The Company's segments are distinct by type of service provided. Comparative
financial data for the three month periods ended March 31, 2004 and 2003 are
shown as follows:

Three months ended March 31,
2004 2003
----------- ------------
Operating Revenue:
Financial services $ 3,832,000 $ 4,035,000
Insurance services 3,458,000 2,556,000
Corporate 1,600,000 --
------------ ------------
Total Segment Revenues $ 8,890,000 $ 6,591,000
============ ============

Reconciliation to Consolidated
Statement of Operations:
Total segment revenues $ 8,890,000 $ 6,591,000
Less: Intercompany dividends (1,600,000) --
------------ ------------
Total Revenues $ 7,290,000 $ 6,591,000
============ ============

Operating Income
Financial services $ 591,000 $ 695,000
Insurance services 836,000 584,000
Corporate (501,000) (424,000)
---------- -----------
Total segments operating income 926,000 855,000

Gain on sale of investments 27,000 15,000
Gain on forgiveness of debt 63,000 --
---------- -----------

Income from operations before interest,
income taxes and minority interest 1,016,000 870,000

Interest income 83,000 94,000
Other loss (8,000) --
Interest expense -- 1,000
Income tax expense 397,000 346,000
Minority interest -- 65,000
--------- ----------

Net income $ 694,000 $ 552,000
========= =========







- 13 -



10. SALE OF APS CONSULTING

Effective November 1, 2003, APS Consulting was able to obtain third
party financing and repay their note payable to us in exchange for our agreeing
to discount the note by $35,000. We provided no guarantees or credit
enhancements in connection with APS Consulting securing this financing.
Accordingly, we no longer have a risk of loss related to these operations and
have recognized the transaction as a divestiture.
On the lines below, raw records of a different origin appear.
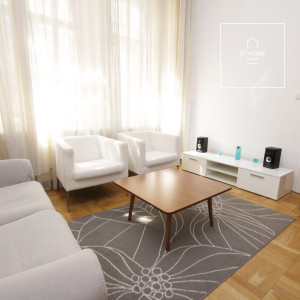 Cozy, furnished one-bedroom apartment, Maiselova, Josefov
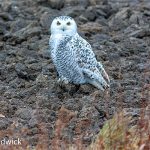 Snowy Owl on the ground 2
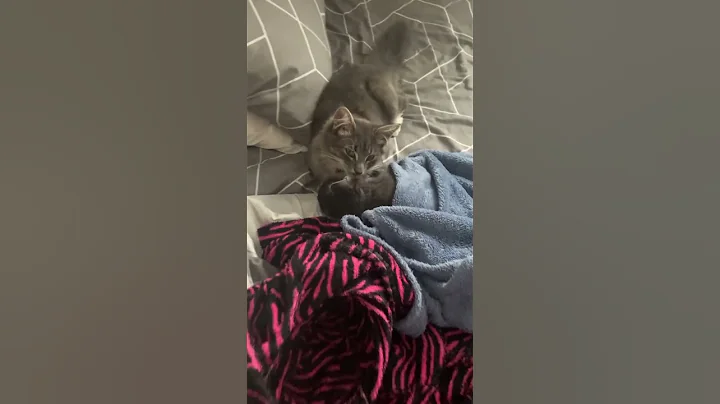 Watch the video about Big licks for sleepy kitten #cat #kitten #fyp #ragamuffin #russianblue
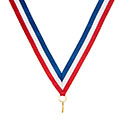 Childrens Safety Velcro Medal Ribbon 360x10mm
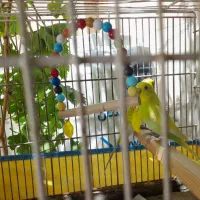 مرغ عشق نژاد دار مولد جفت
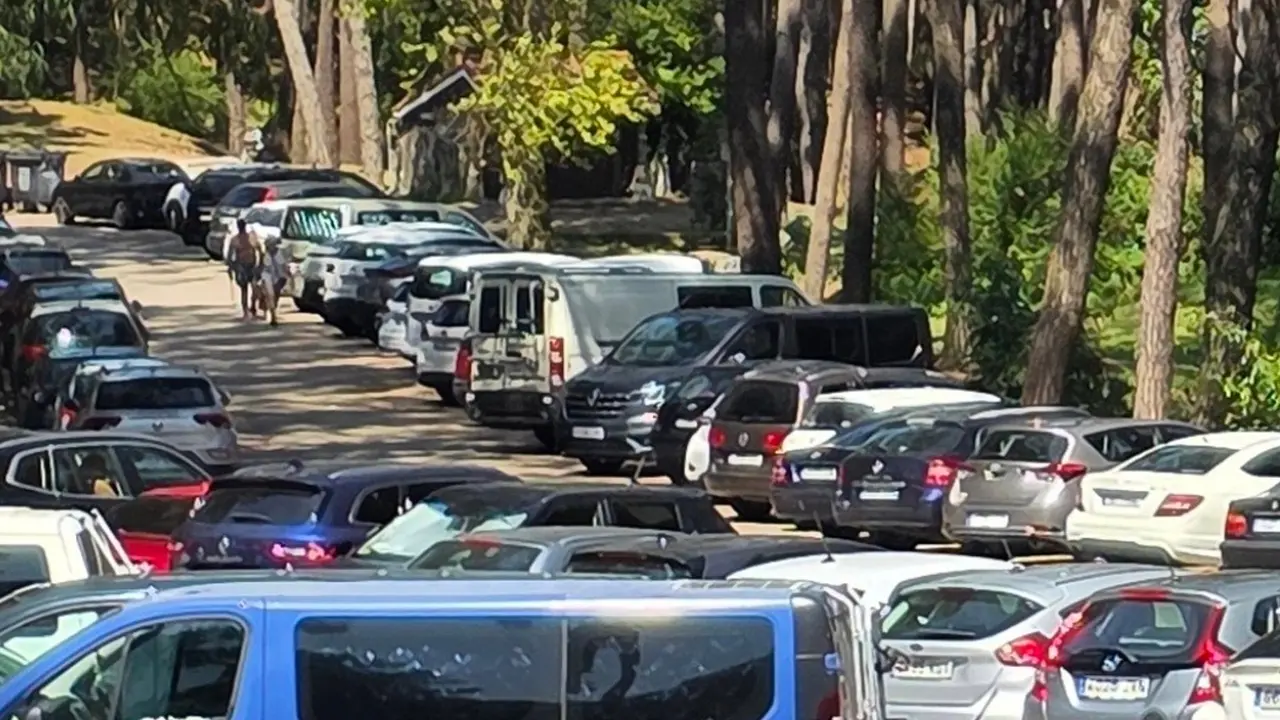 Coches estacionados en los pinares de Liencres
As a result, we ceased
consolidation of APS Consulting financial statements effective November 1, 2003.
Our consolidated statements of operations for the three months ended March 31,
2003 have been adjusted to reflect this divestiture. Specifically, revenues of
$899,000 have been reversed, expenses of $626,000 have been reversed, and the
operating profit of $273,000 was reversed from federal income taxes and minority
interest. There was no change to the net income as of March 31, 2003 as a result
of these reversals because prior to the disposal transaction, we consolidated
the division's operations, but recognized a 100% minority interest in its
earnings. As the division had earnings in the prior period presented, there were
no earnings attributable to discontinued operations, after adjustments made to
reclassify its revenue, expenses and the related minority interest.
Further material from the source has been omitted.